I think the only way you could do it would be to read the header row of the file as one string (tFileInputFullRow), tNormalize it so each field name becomes a record, assign a sequence number and compare it to a file or table that contains the expected schema sequence (tMap).
Getting fancy, you could even read the data from the file into a dummy table in your database (made up of all strings with field names Col1, Col2 etc) and then using the results of your comparison above, construct a SQL statement in tJavaRow that will allow you to retrieve the fields from that dummy table in the correct expected order (tInput) so that the rest of your job will work correctly.
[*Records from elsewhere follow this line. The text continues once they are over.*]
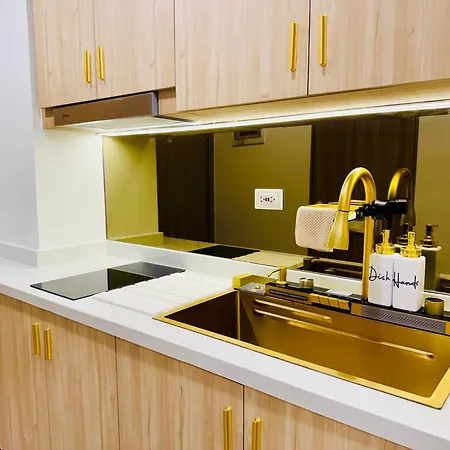 Cozy Condo Near Moa & Airport Netflix And Alexa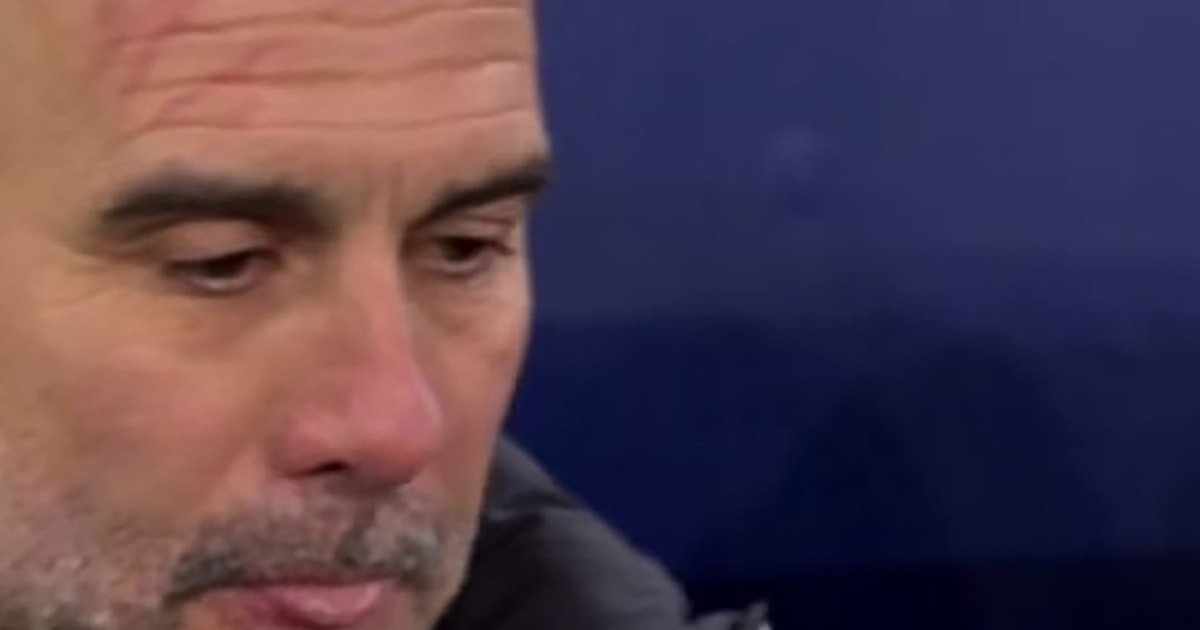 Pep Guardiola vuelve a hacerse daño en la cabeza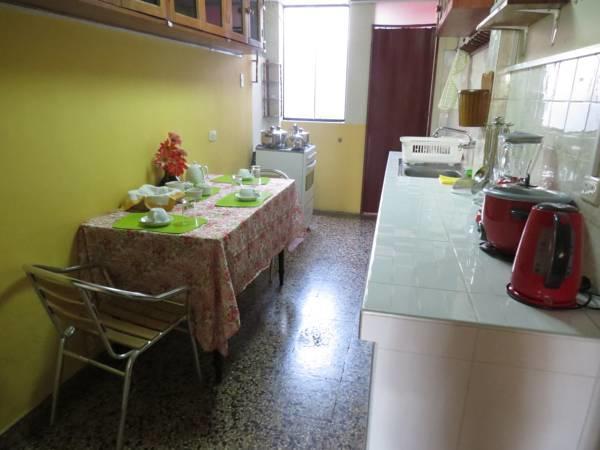 Residencial El Sol De Los Pinos Bed and Breakfast Trujillo Eksteriør billede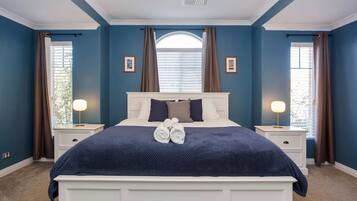 4 bedrooms, desk, iron/ironing board, free WiFi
Re: CSV File Schema Column order

have your expected column order in a file like
firstname
surname
load it into a variable object as a ArrayList- vExpCol
load file header - load into another varible obj as above - vCols
then in a tJavaRowFlex,
(create on top part) ArrayList - vRows
middle part
load all columns into a local
vRows
compare the two ArrayLists for the row columns
if different then load like:
outrow.firstname = vRows.get( vCols.lastIndexOf( "firstname" ) ) ;
use Excel to make this code.
this is not complete - i am travelling using the mobi.
One Star

Re: CSV File Schema Column order

I think this post might be what you need....
http://www.talendforge.org/forum/viewtopic.php?pid=30540
One Star

Re: CSV File Schema Column order

I think the only way you could do it would be to read the header row of the file as one string (tFileInputFullRow), tNormalize it so each field name becomes a record, assign a sequence number and compare it to a file or table that contains the expected schema sequence (tMap).

I have attached a screenshot of what you described. Is this what you had in mind? Here's the output from my job.
Starting job columncheck at 08:05 03/07/2010.
connecting to socket on port 3785
connected
.-------+---------.
|matched col order|
|=------+--------=|
|line |newColumn|
|=------+--------=|
|GroupID|1 |
|Deleted|7 |
'-------+---------'
.-----------------+---------.
| unmatched col order |
|=----------------+--------=|
|line |newColumn|
|=----------------+--------=|
|XAP_CreateDate |2 |
|GroupName |3 |
|GroupCreationDate|4 |
|GroupCreator |5 |
|AdvisoryGroup |6 |
'-----------------+---------'
disconnected
Job columncheck ended at 08:05 03/07/2010.
Seven Stars

Re: CSV File Schema Column order

Pretty much although it might be more useful if tMap_2 left-joined only on the column name and the match output had a filter expression t.newColumn==row3.sequence. Then the nomatch output could include row3.sequence for comparison.
Note that in your example you only need the purple arrow selected for inner-join rejects but in my suggestion you need only the orange arrow selected for filter rejects.